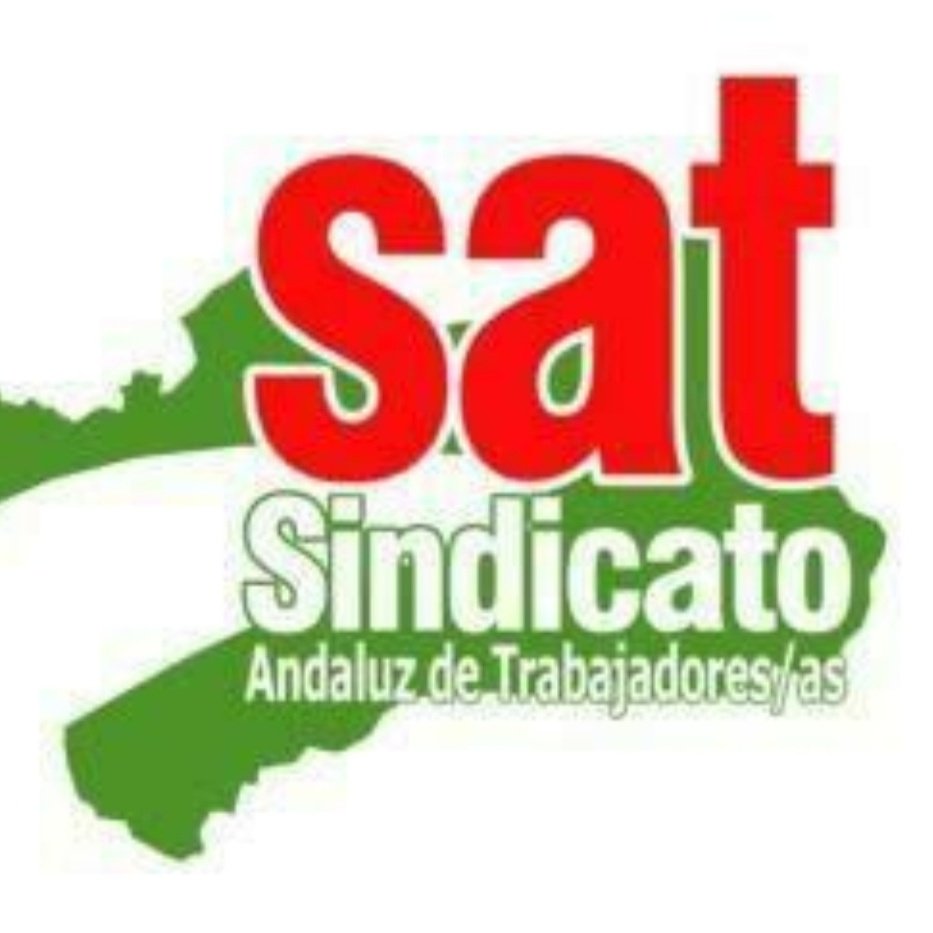 Furioso Alentar Eliminar SAT Andalucía (@SAT_nacional) / Twitter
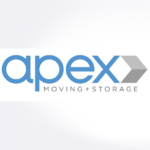  Apex Moving + Storage Logo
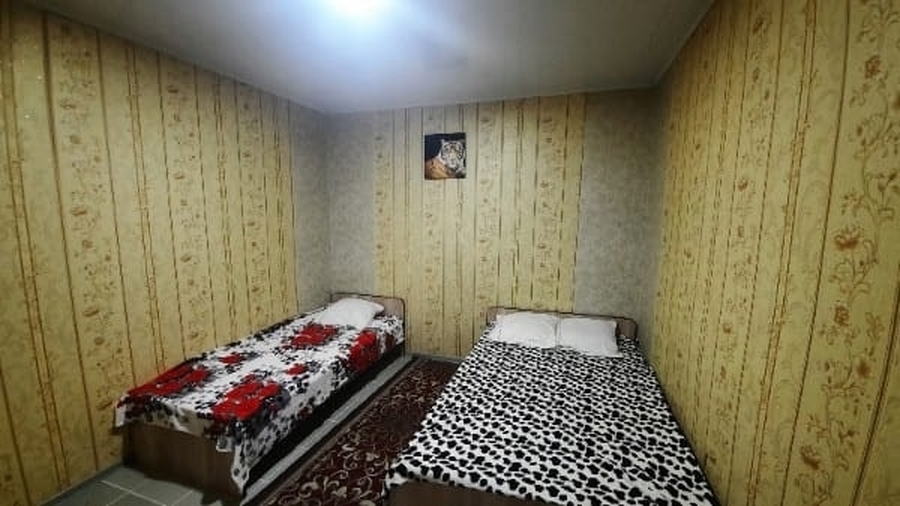 Номера в Дружном дворике - arenda-soliletsk.ru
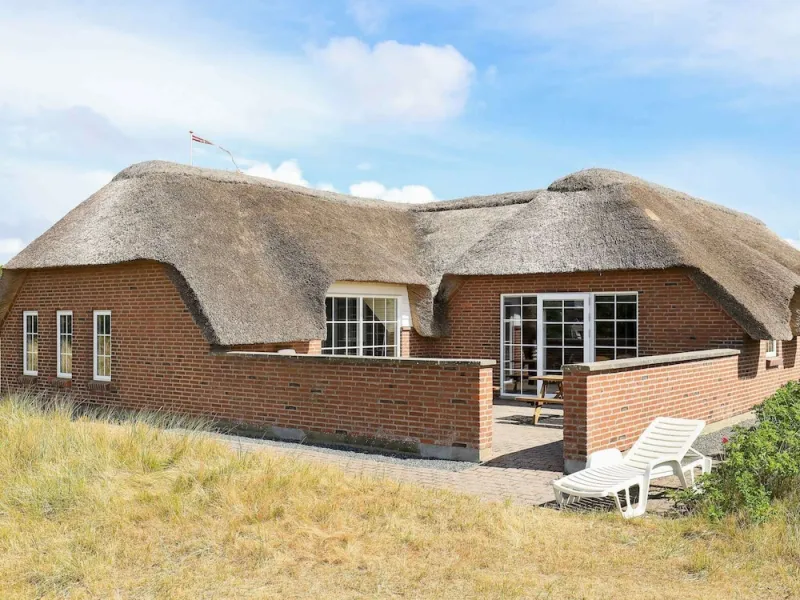 Billede 5 af 12 Person Holiday Home in Ringkobing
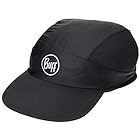 [バフ] 帽子 キャップ PACK SPEED CAP R-SOLID BLACK F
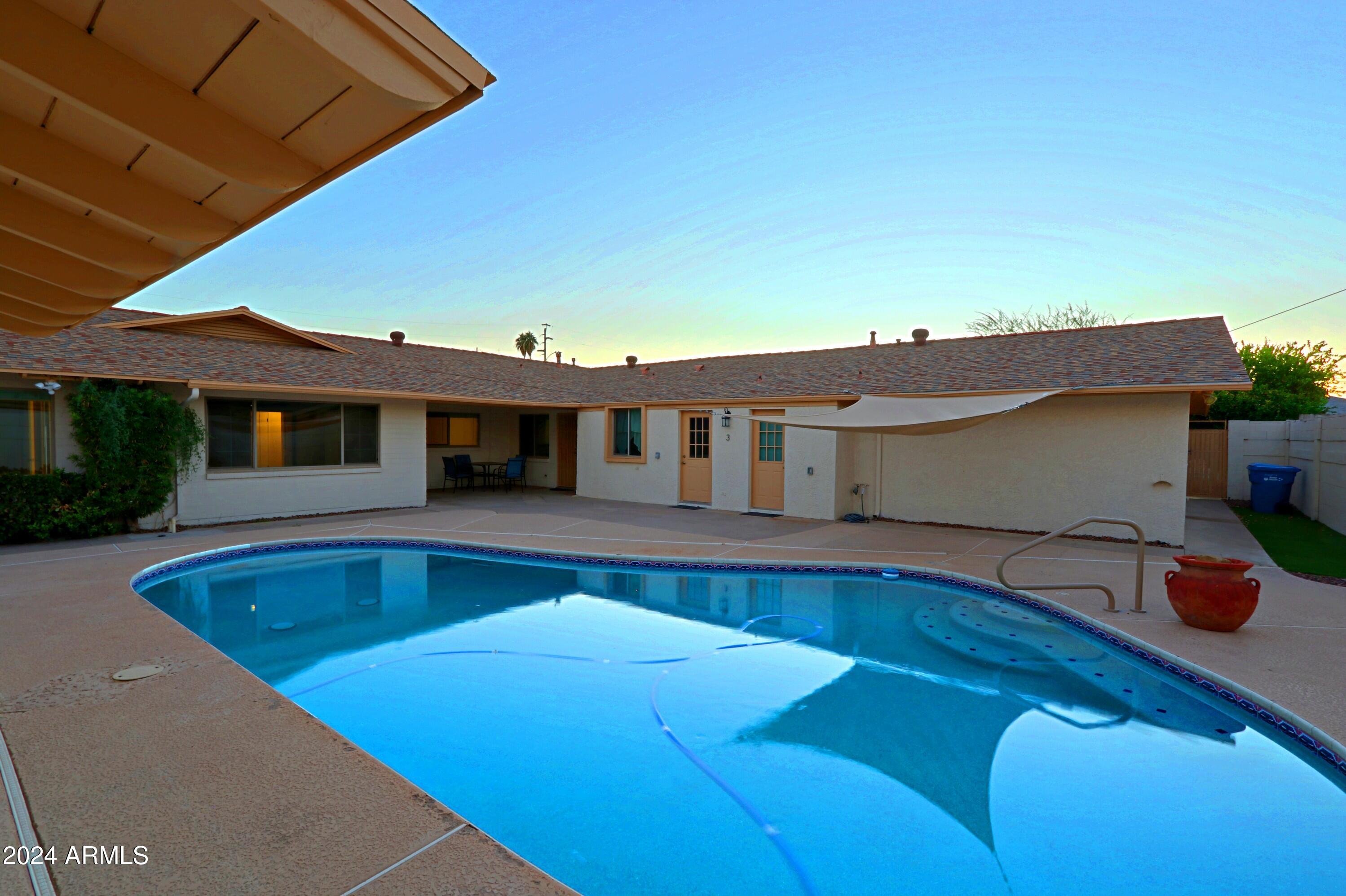 6203 N 12TH Place # 1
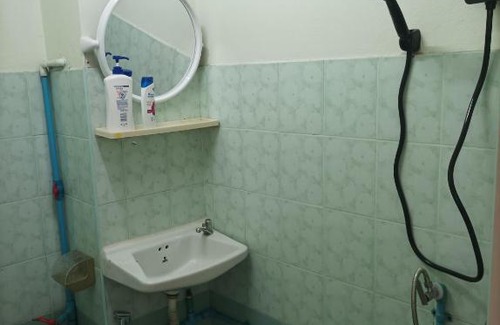 Rangsit Apartment | Jatuporn A1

_ _ _ _

> **The problem**:
Extract only the lines from the line containing "Billede 5 af" through the final line of the records; keep both ends and drop every picture.

> **Expected answer**:
 Billede 5 af 12 Person Holiday Home in Ringkobing
 [バフ] 帽子 キャップ PACK SPEED CAP R-SOLID BLACK F
 6203 N 12TH Place # 1
 Rangsit Apartment | Jatuporn A1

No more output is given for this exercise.